Pub Date: Oct. 1st, 1999
ISBN: 0-312-24223-9
Publisher: Minotaur

Good thing Cornelia Jones is a practicing realist; there’s not much comfort in white-bread Westport, Oregon, for African-Americans like her. On the other hand, Westport happens to be home to the superb Oceanographic Center, and Jan Koto, the good-looking, sensitive Japanese-American with whom Neely cohabits, happens to be a superb oceanographer. And “whither Jan goes, there go I” is Neely’s primary operating principle. So two years ago she followed Jan from the San Francisco Police Department to the Taft County Sheriff’s Office in Westport. Now those good ol’ boys in the TCSO aren’t just casually racist/sexist, they go at it hammer and tongs.

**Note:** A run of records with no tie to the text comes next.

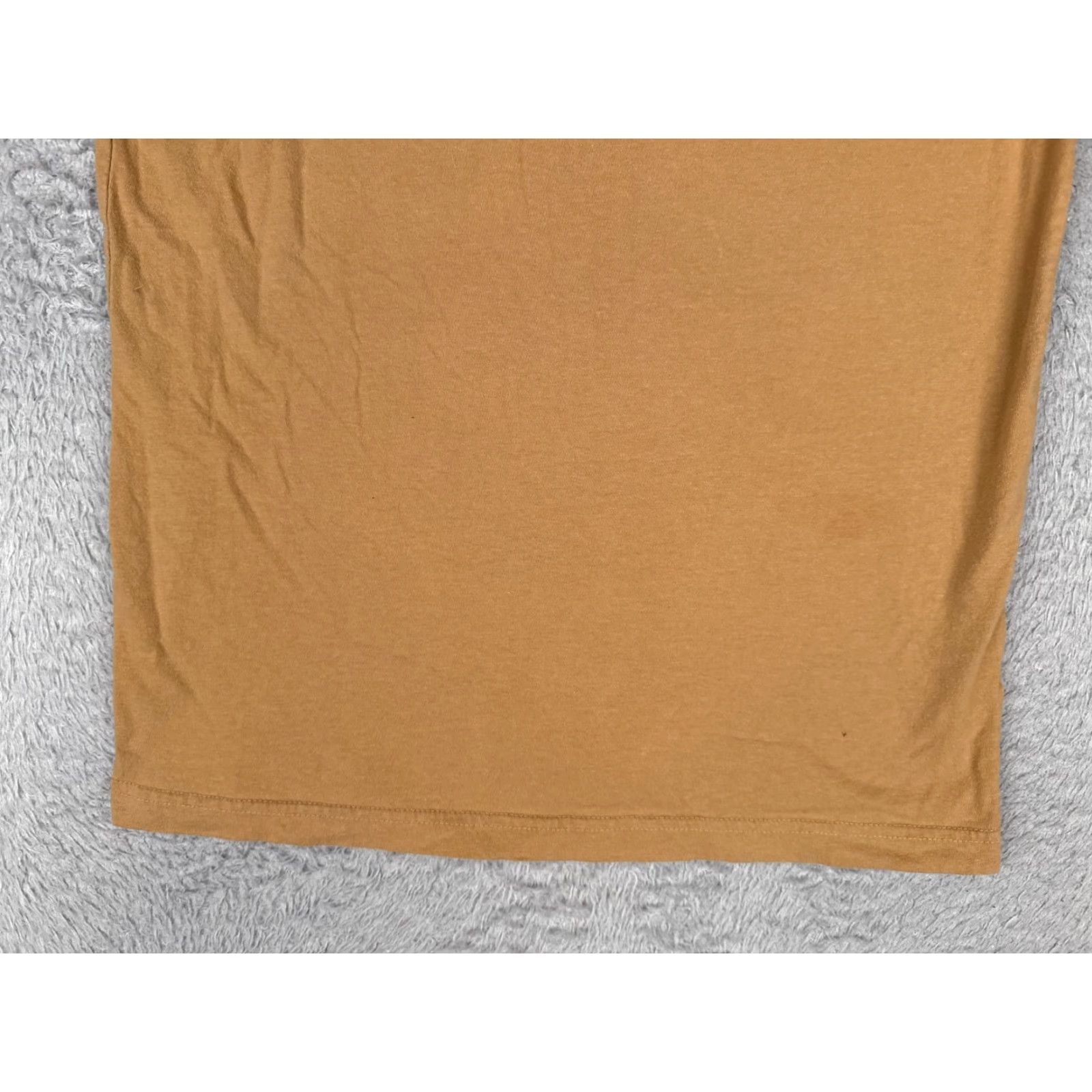 Tommy Hilfiger Tommy Hilfiger Shirt Men Small Petite Beige Crew Neck Cotton Short Sleeve Shirt - Tommy Hilfiger Shirt Men Small Beige Crew Neck Short Sleeve Cotton Size US S / EU 44-46 / 1 - 5 Thumbnail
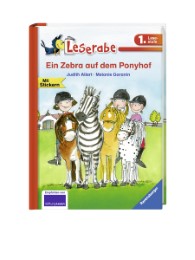 Ein Zebra auf dem Ponyhof - Abbildung 1
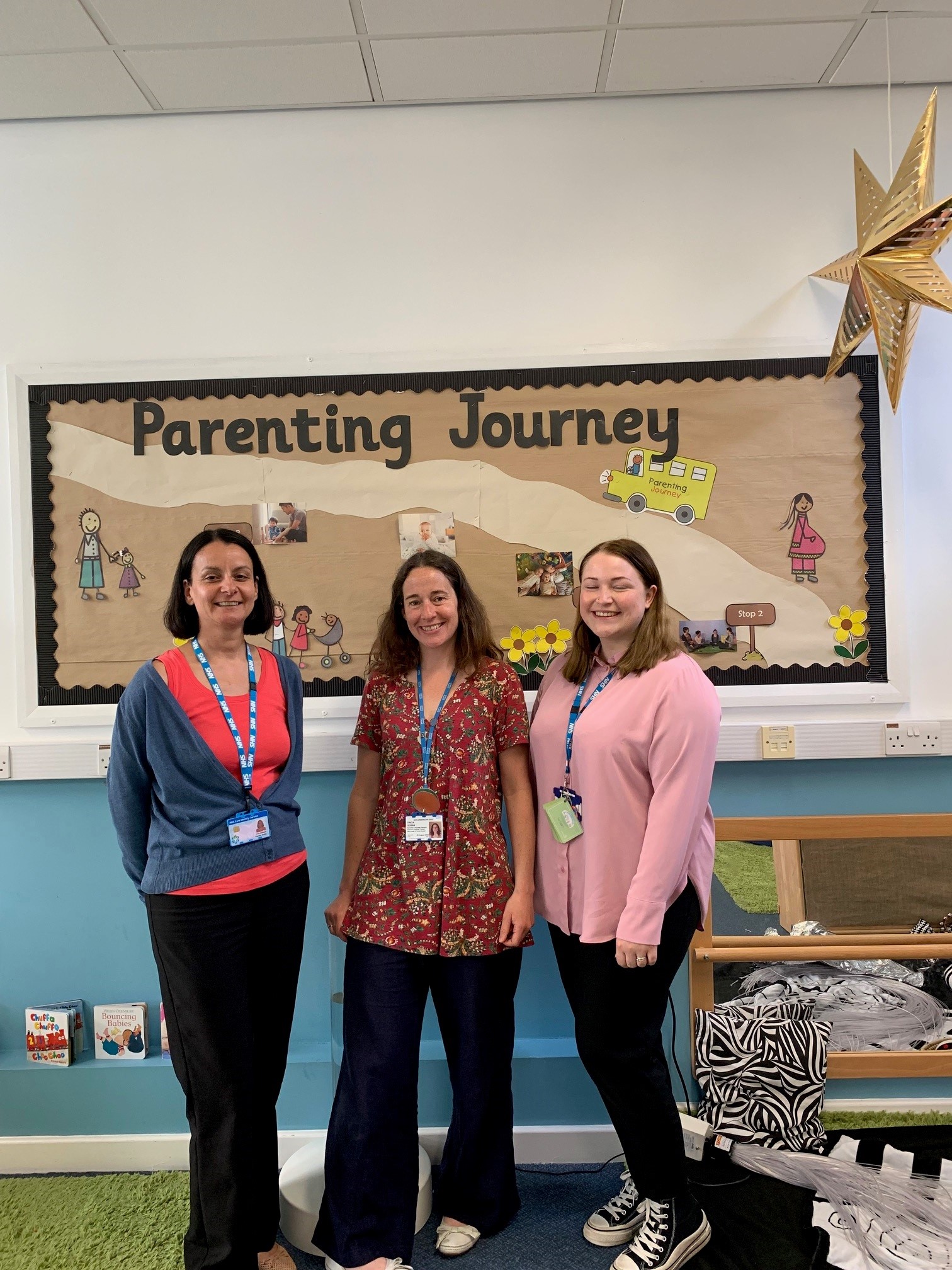 Congleton - Meet the ladies behind the Talking Walk-In at Congleton ...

How Neely got herself hired by redneck Sheriff Giff Wills is a mystery to her—one never adequately explained to the reader, by the way. And how, on election day, she manages to dislodge the entrenched Giff by dint of write-in ballots (who from?) stretches credibility further. Moreover, having won the job, it seems Neely doesn’t actually want it. On e-day plus one, however, Jan is brutally murdered, and that changes everything. Neely knows she’s sheriff to stay—despite a balky staff, a spineless D.A., a neo-Nazi rabble, an imported hit-man, and assorted other baddies—at least long enough for Jan’s killer to be caught, for justice to be served, and for her to inch toward closure. Wren leaves her long-running Conan Flagg series (Wake Up, Darlin’ Corey, 1984, etc.) for a new and possibly worthier protagonist. But though Neely has winning ways, helter-skelter plotting hurts her debut.